TASK INPUT –
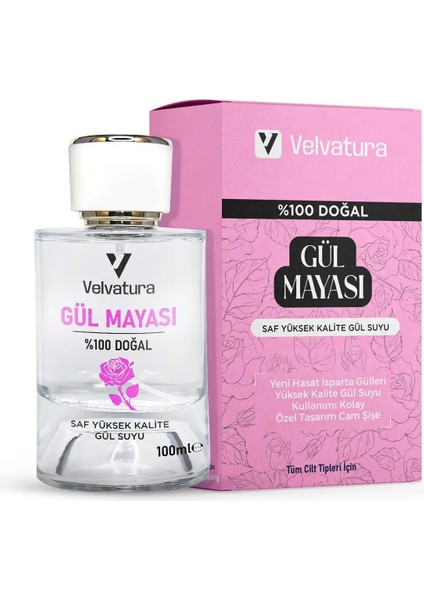 Velvatura Gül MAYASI%100 Doğal Aydınlatıcı ve Gözenek Sıkılaştırıcı Saf Gül Suyu Arındırıcı Tonik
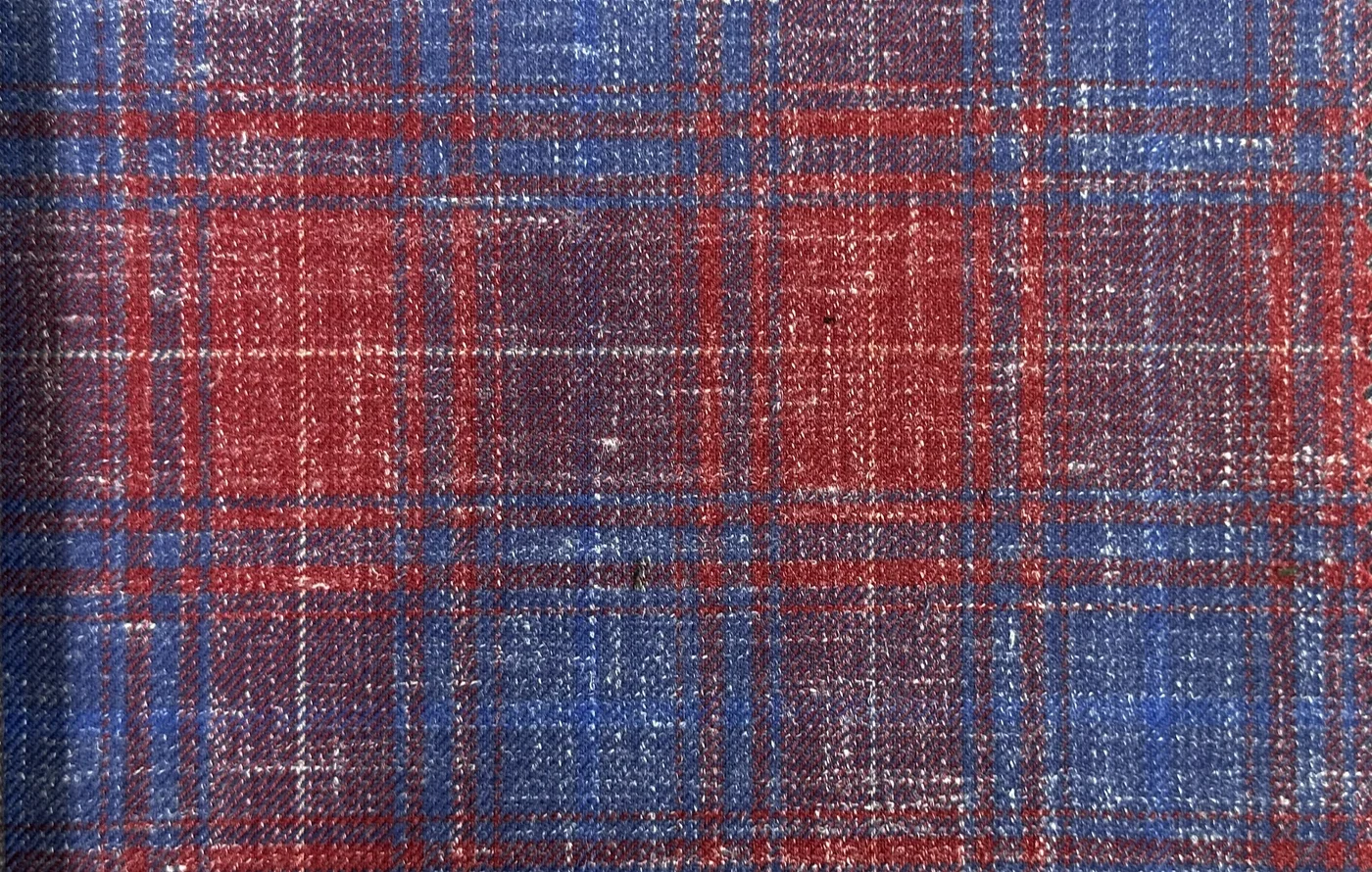 Sergio Benetti 29986 -210 Red w/ Blue Windowpane fabric swatch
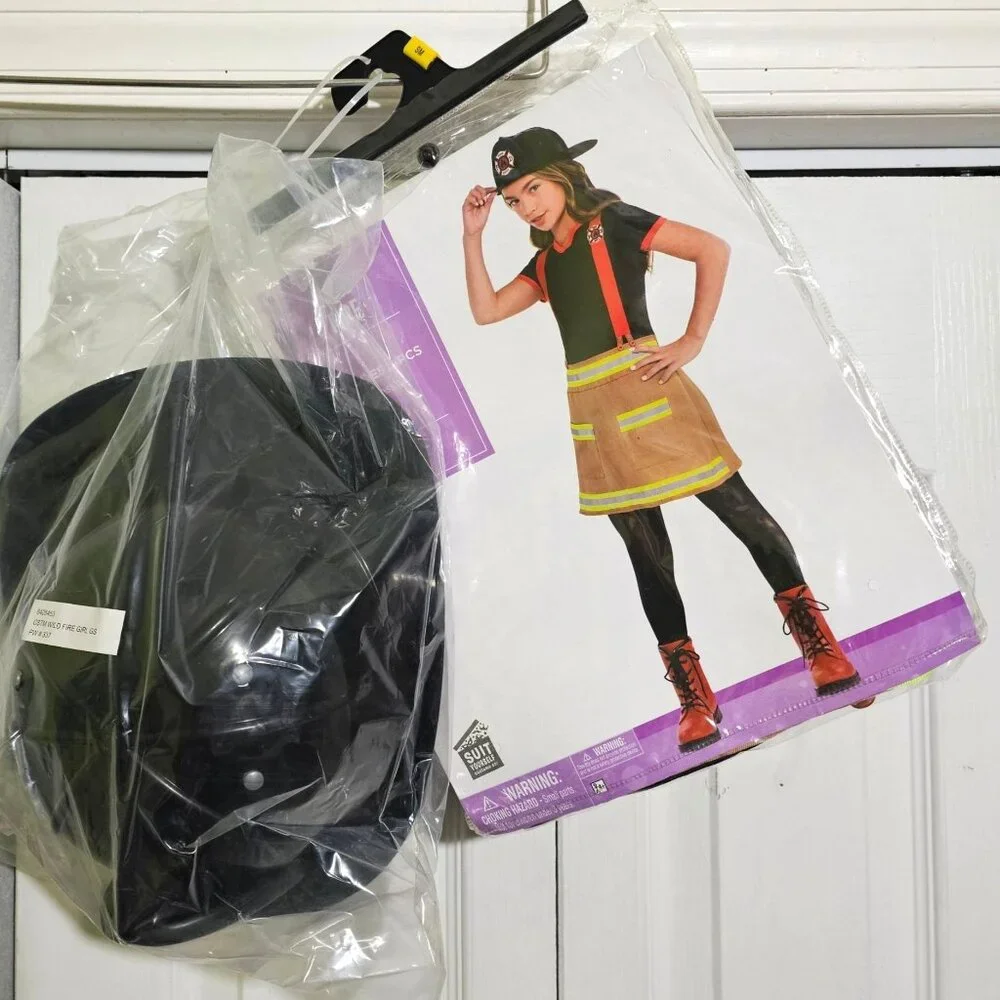 Wild Firefighter Girls Costume 4-6 Dress Helmet Hat Halloween Kid Fire Uniform
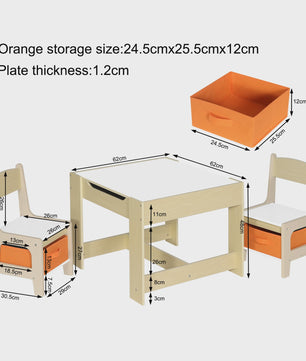 Houten Kinder Speeltafel met 2 Stoeltjes en Opbergruimte
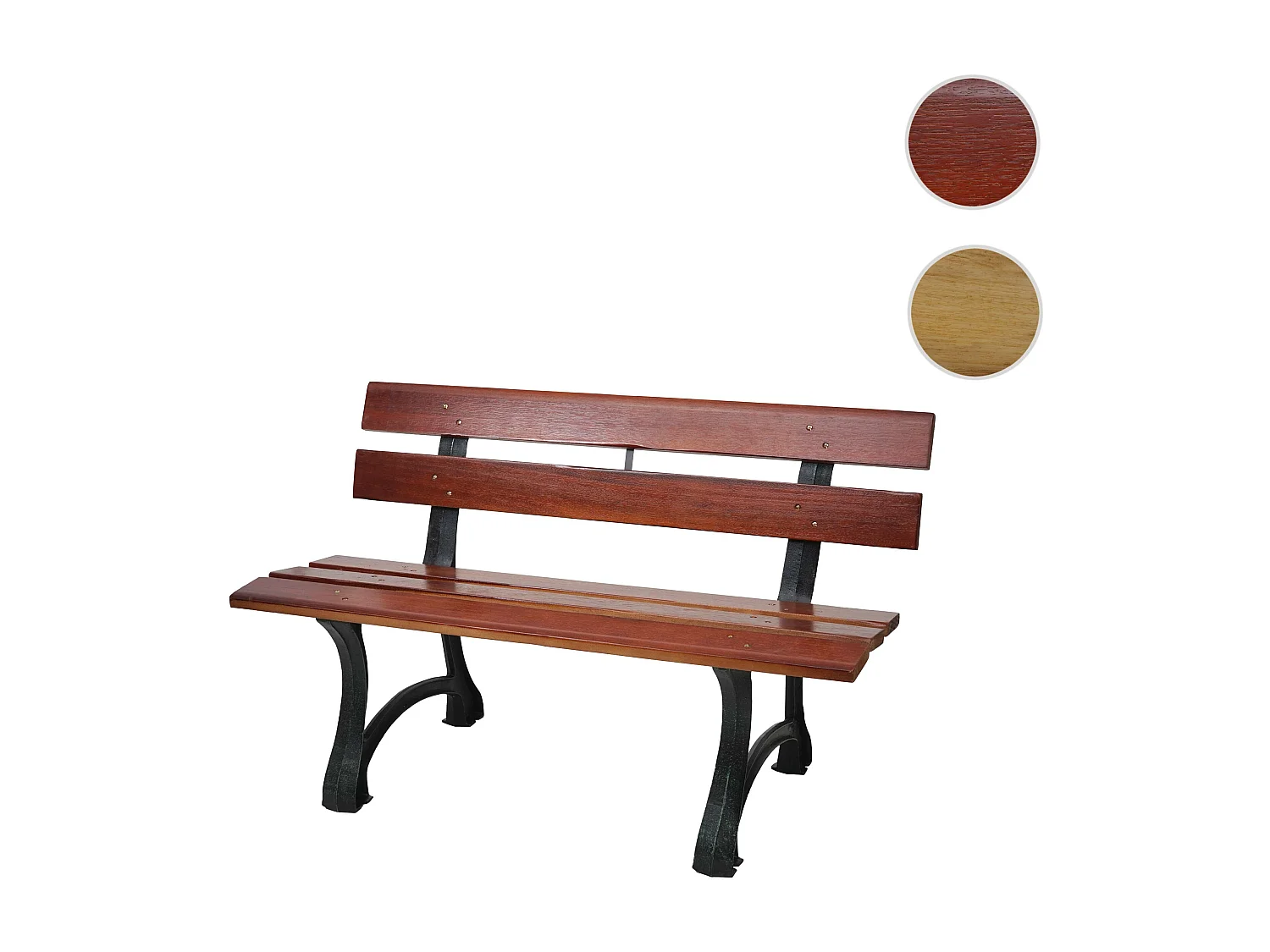 Panca panchina da giardino terrazza HWC-F96 legno ghisa ~ 2 posti 125cm marrone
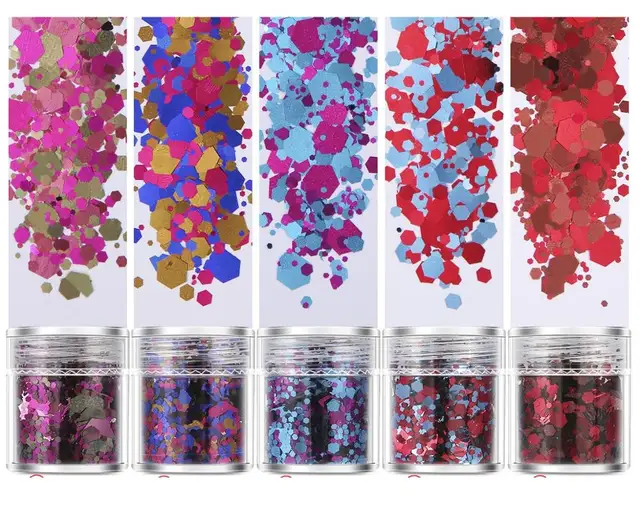 Set of  4/5 Boxes Nail Glitter Holographic Chunky Glitters Nail Art Decorations 3D Cosmetic Sequins for Body Face Hair Makeup 5PCS5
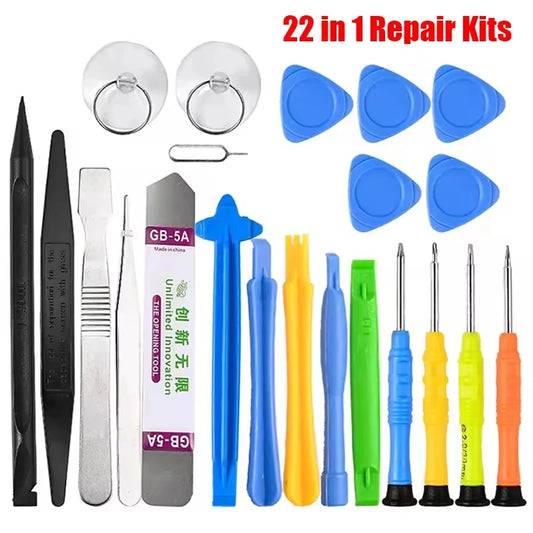 22 in 1 Mobile Phone Repair Tools Opening Screwdriver Set Disassemble Hand Tool Kit for iPhone iPad Laptop Computer Opening Tool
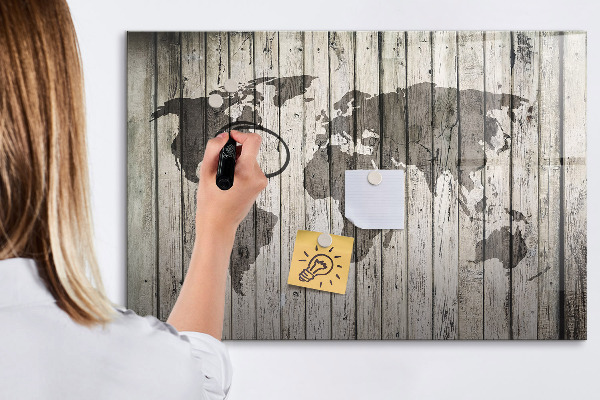 Popisovatelná magnetická tabule Mapa světa s prostorem pro fotografie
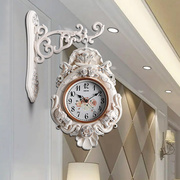 时尚双面挂钟客厅家用拐角，现代简约美式钟表，北欧复古创意挂墙装饰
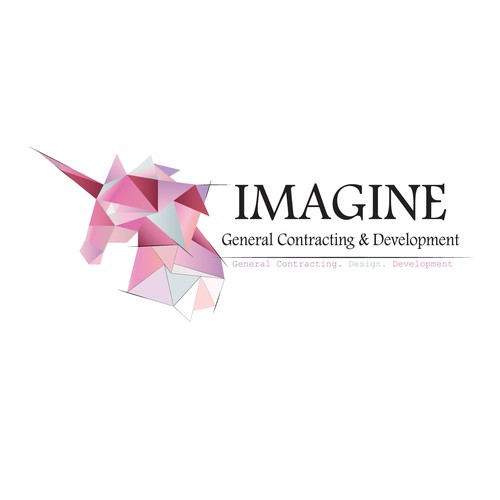 Geometric unicorn logo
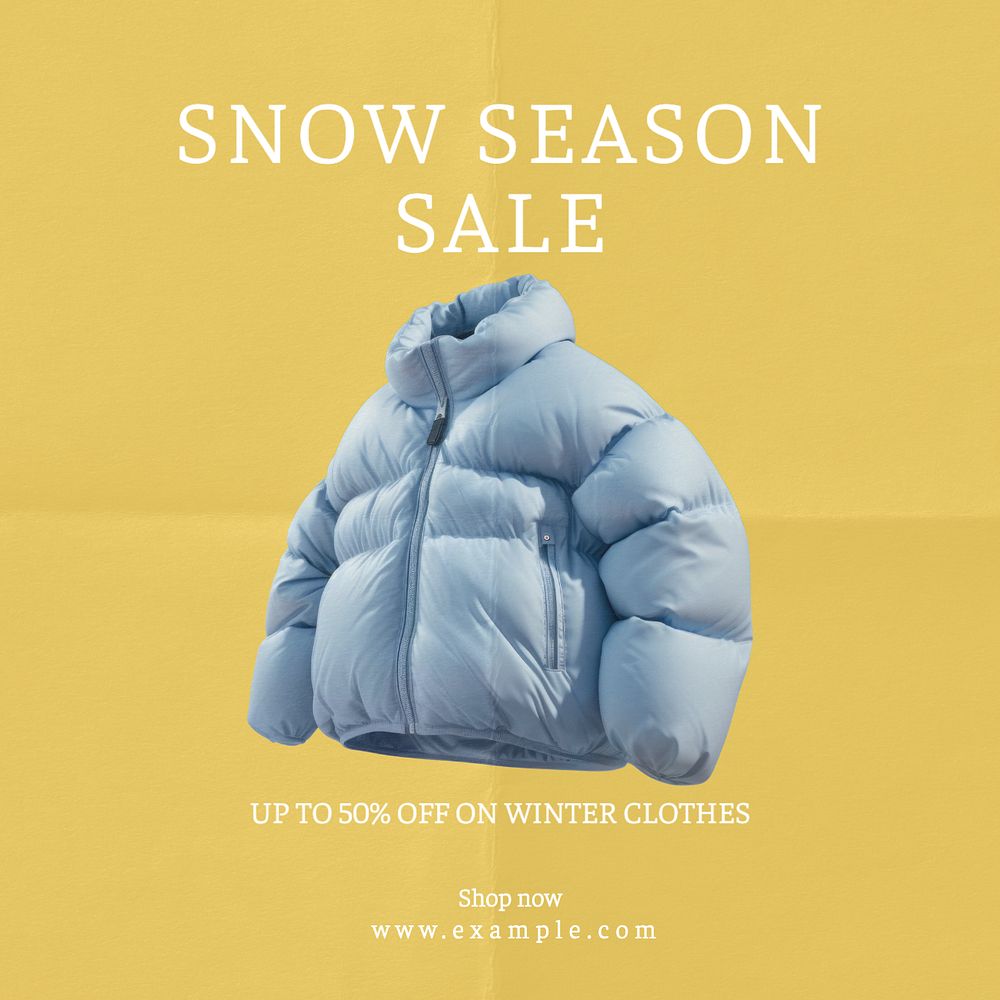 Winter sale Instagram post template, editable text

TASK STATEMENT – No pictures should appear in the copy. Reproduce exactly the lines from the line containing "Popisovatelná magnetická tabule" through the last line of the data, inclusive.

SOLUTION –
 Popisovatelná magnetická tabule Mapa světa s prostorem pro fotografie
 时尚双面挂钟客厅家用拐角，现代简约美式钟表，北欧复古创意挂墙装饰
 Geometric unicorn logo
 Winter sale Instagram post template, editable text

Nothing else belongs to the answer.